Automatic Fallback Conditions¶
| Condition | Result |
|---|---|
| Invalid schema | Fallback to Claude |
| Confidence below threshold | Fallback to Claude |
| Repeated stale advice | Fallback to Claude |
| Contradiction with local evidence | Fallback to Claude |
| High-impact ambiguity | Claude retains the final call |
Practical Thresholds¶
| Lane Type | Typical Threshold |
|---|---|
| Static review | 70 |
| Artifact synthesis | 60 |
| Batch triage | 55 |
| Runtime advisory | 65 |
| Stuck-breaker | 70 |
These thresholds are intentionally conservative in bug bounty mode.

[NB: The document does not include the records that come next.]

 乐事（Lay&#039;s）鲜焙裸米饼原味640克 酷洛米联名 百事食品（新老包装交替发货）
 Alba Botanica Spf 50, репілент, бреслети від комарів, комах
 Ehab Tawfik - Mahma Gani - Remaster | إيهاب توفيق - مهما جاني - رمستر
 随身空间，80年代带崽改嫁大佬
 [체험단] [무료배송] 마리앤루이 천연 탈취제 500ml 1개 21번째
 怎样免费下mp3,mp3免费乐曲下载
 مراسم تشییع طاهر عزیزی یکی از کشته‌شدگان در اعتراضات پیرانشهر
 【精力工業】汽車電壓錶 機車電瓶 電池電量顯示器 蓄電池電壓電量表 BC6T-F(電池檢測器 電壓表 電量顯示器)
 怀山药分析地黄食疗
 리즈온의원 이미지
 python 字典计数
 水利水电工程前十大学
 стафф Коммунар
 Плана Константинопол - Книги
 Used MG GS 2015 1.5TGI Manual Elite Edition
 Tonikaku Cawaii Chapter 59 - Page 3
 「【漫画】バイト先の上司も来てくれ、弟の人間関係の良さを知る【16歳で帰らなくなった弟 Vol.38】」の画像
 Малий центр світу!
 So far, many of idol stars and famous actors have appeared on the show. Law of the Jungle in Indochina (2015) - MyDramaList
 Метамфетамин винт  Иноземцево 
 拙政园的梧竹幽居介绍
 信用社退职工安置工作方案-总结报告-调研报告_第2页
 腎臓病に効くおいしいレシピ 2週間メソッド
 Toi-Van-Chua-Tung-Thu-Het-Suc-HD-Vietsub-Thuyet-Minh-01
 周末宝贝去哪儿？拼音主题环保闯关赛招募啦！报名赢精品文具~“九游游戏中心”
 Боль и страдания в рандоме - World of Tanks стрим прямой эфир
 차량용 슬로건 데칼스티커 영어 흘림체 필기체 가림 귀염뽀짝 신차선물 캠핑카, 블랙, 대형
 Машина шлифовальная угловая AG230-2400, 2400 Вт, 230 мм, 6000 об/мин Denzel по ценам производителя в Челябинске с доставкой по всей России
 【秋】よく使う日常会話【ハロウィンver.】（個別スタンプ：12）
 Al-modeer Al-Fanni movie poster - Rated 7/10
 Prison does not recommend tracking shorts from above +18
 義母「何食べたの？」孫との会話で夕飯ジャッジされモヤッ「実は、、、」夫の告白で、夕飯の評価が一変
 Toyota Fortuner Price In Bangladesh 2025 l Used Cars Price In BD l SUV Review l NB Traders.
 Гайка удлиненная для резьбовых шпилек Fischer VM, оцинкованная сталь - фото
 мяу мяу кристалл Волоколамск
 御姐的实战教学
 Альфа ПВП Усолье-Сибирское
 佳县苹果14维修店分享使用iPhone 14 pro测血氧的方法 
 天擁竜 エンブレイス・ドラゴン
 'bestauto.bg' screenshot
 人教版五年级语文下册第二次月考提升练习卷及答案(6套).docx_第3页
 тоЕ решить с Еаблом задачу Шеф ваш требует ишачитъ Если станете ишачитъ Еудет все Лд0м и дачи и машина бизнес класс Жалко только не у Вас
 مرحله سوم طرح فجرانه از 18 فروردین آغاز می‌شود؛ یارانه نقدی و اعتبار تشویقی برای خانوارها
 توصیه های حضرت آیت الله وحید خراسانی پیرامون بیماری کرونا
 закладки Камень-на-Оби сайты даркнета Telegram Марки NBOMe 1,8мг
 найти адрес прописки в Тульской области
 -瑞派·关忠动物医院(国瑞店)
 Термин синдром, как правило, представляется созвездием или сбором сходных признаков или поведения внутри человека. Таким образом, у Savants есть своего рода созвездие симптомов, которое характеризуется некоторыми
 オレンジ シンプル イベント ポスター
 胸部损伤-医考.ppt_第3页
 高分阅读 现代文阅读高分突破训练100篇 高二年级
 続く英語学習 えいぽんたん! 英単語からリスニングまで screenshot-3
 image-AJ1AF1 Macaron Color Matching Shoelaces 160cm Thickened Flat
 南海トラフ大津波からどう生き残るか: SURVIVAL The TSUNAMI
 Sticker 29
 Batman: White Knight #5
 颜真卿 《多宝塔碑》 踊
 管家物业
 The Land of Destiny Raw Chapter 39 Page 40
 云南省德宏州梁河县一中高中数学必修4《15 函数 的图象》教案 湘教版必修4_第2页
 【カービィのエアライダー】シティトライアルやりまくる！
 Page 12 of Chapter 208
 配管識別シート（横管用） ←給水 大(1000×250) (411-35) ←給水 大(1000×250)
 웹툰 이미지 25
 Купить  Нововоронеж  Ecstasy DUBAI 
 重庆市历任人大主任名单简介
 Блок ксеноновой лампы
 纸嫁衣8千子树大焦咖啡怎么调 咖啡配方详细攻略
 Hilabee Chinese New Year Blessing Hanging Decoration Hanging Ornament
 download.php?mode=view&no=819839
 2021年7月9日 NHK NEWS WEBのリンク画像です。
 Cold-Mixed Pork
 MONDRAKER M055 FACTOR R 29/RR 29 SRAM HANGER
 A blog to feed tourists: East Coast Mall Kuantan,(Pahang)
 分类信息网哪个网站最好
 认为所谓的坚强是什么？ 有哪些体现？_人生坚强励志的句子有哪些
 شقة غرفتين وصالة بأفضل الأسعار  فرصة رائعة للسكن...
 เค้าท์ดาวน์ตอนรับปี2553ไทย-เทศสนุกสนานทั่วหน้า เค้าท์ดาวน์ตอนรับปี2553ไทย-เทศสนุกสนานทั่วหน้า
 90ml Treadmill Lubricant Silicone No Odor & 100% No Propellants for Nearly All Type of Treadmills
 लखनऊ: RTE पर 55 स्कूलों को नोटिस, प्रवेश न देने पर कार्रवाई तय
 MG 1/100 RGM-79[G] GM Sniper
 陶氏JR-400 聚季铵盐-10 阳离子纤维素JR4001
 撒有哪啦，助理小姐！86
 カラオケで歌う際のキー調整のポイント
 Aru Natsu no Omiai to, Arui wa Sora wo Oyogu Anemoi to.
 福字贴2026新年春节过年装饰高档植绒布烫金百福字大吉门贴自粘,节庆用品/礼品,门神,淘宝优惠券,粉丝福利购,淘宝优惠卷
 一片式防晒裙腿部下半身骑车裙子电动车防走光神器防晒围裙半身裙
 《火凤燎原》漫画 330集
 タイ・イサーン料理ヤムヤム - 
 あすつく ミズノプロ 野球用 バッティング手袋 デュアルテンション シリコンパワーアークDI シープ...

Token Allocation Strategy¶
The routing policy is also a token policy:
- Claude tokens are reserved for live target interaction and final decisions.
- Codex tokens are spent on bounded analysis, synthesis, compression, and structured second opinions.
Practical Effects¶
| Category | Token Strategy |
|---|---|
| Live exploitation | Prefer Claude Opus |
| Bounded review and synthesis | Prefer Codex |
| Long-running session carry-over | Prefer Codex compact artifacts |
| Hard conflict resolution | Use higher-tier Codex only when justified |
This keeps the expensive Claude context focused on the high-value part of the engagement.